Australians who leave their assets in a trust for estate planning purposes or own an investment property bought before 1985 face a death tax by stealth under little-known proposals hidden in the Budget papers.
Inheritance tax was abolished nationally in 1979 and in every State since 1982 while a capital gains tax was introduced in 1985 at the Federal level for homes that are rented out.
But a proposal from Treasurer Jim Chalmers to impose a minimum 30 per cent tax on family trusts from July 1, 2028, could effectively amount to a death duty, tax accountants and lawyers say.
“You might not call that a death duty but certainty the effect of it is one,” estate planning solicitor and law firm founder Rachael Rofe told The Nightly.
“This is just one of a new range of measures that’s been introduced on the income generated on inheritance.”
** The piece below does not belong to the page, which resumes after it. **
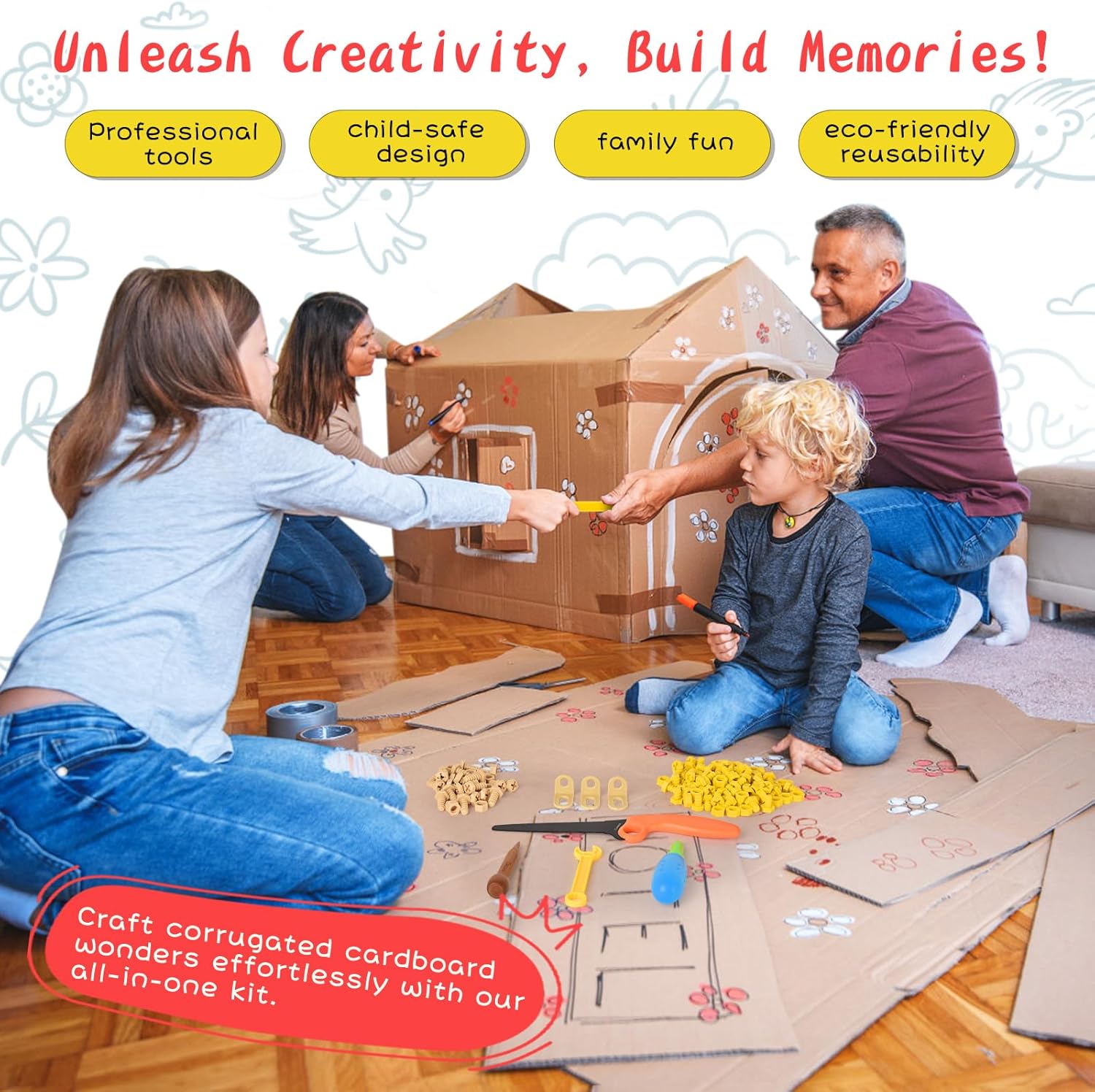 ZLemma Kit de herramientas de construcción de cartón, 163 piezas, juguetes educativos para jugar en casa + aprendizaje en el aula  Herramientas de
To ensure assets are distributed only to intended loved ones, discretionary testamentary trusts are often used to safeguard a beneficiary of an estate from having a gold-digging, estranged spouse challenge them in court over a will.
“It protects against the floozy who might come along and try and steal the money,” Ms Rofe said.
Assets in discretionary testamentary trusts, established before Budget night on Tuesday, would be exempt, along with fixed testamentary trusts where amounts distributed to beneficiaries can’t be altered.
But assets added to a discretionary testamentary trust since Tuesday night could potentially incur a 30 per cent tax, along with assets put into a new trust, where an executor of an estate has discretion over how assets like a house or shares are divided up when someone dies.
“The really key thing here that the Government has probably overlooked is the asset protection - a lot of people offering these trusts are not super wealthy, they’re people who care about protecting their beneficiaries and their inheritance and unfortunately, they’re going to be stung by this as well,” Ms Rofe said.
Tax accountant Ben Johnston, the director of Johnston Advisory, said the beneficiaries of an estate were now facing a huge tax bill when someone died under Labor’s proposals.
“It becomes a death duty by stealth because basically someone passes away, their funds go into this testamentary trust and they get distributed from the testamentary trust down to the nominated beneficiaries,” he told The Nightly.
“Most of that, depending on the type of income, goes out to them as tax free because it passes through that structure in a way that currently doesn’t pay tax.
“But now, under the proposals that may come into play, there is an element of it that will mean when the beneficiaries of those testamentary trusts are allocated the money from that trust, they can be taxed at the 30 per cent rate of tax.”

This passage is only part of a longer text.